## Work to be completed
Since the listing below shows pictures, leave them out and write out exactly the lines from the line with "A black metal" to the line with "ice tea with slice of lemon in mason jar ice", both included, and no others.

## Extracted material
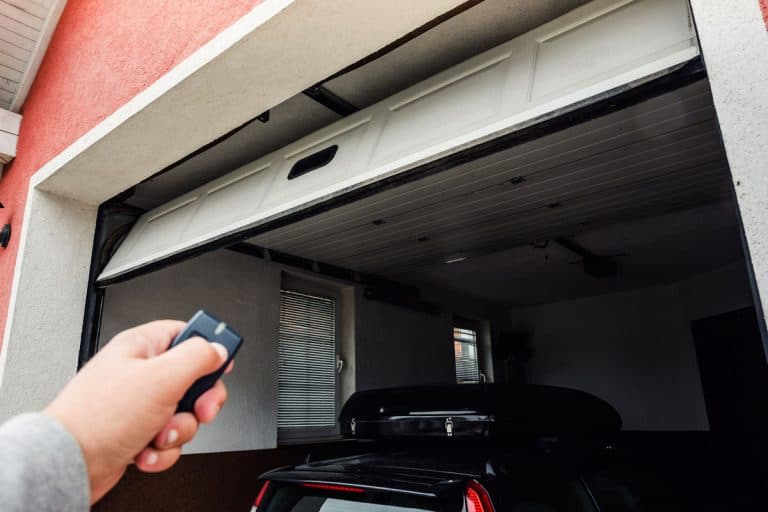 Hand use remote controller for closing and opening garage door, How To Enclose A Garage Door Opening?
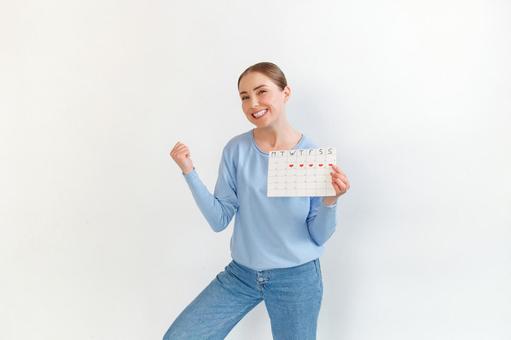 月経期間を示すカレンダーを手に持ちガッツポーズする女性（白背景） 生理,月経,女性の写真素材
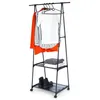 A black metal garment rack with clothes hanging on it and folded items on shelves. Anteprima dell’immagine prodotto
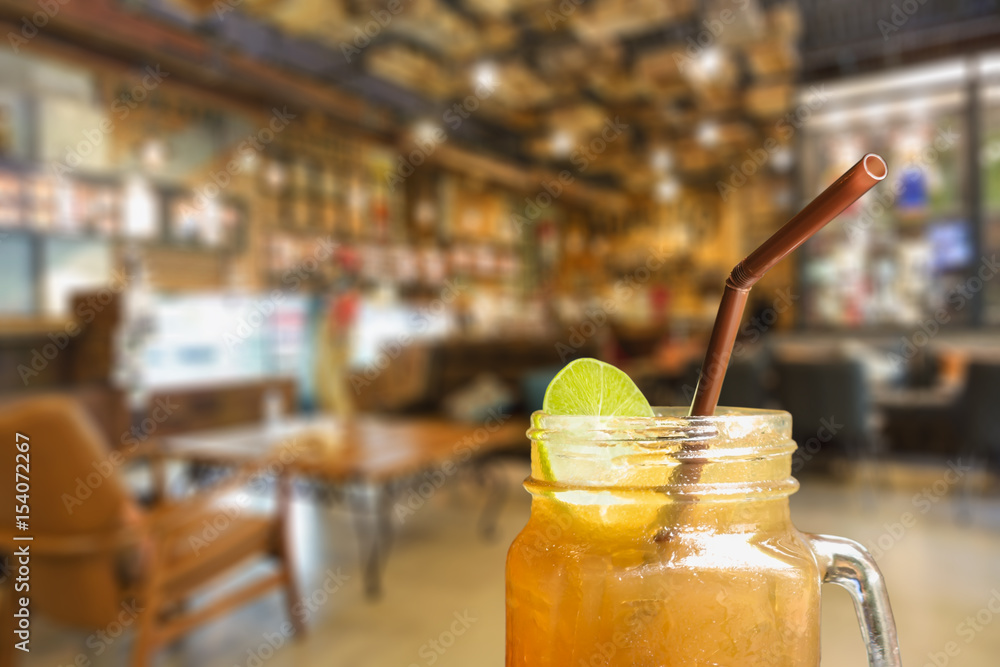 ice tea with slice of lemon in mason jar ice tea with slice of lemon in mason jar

--

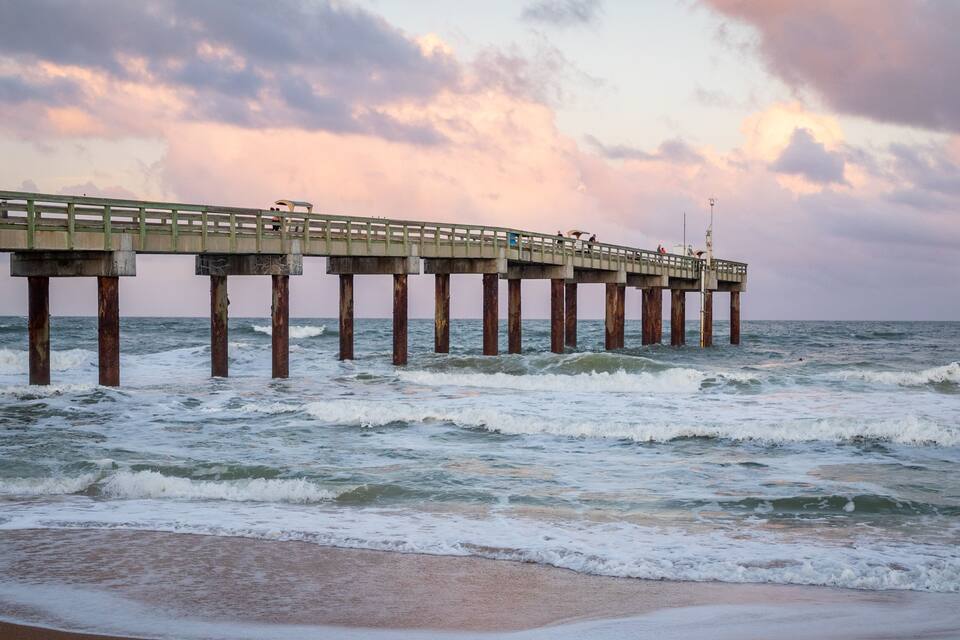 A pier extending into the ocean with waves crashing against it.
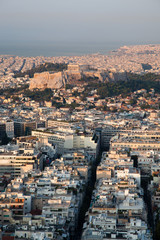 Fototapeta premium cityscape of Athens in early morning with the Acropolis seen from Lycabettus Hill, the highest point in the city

## Written response
 A black metal garment rack with clothes hanging on it and folded items on shelves. Anteprima dell’immagine prodotto
 ice tea with slice of lemon in mason jar ice tea with slice of lemon in mason jar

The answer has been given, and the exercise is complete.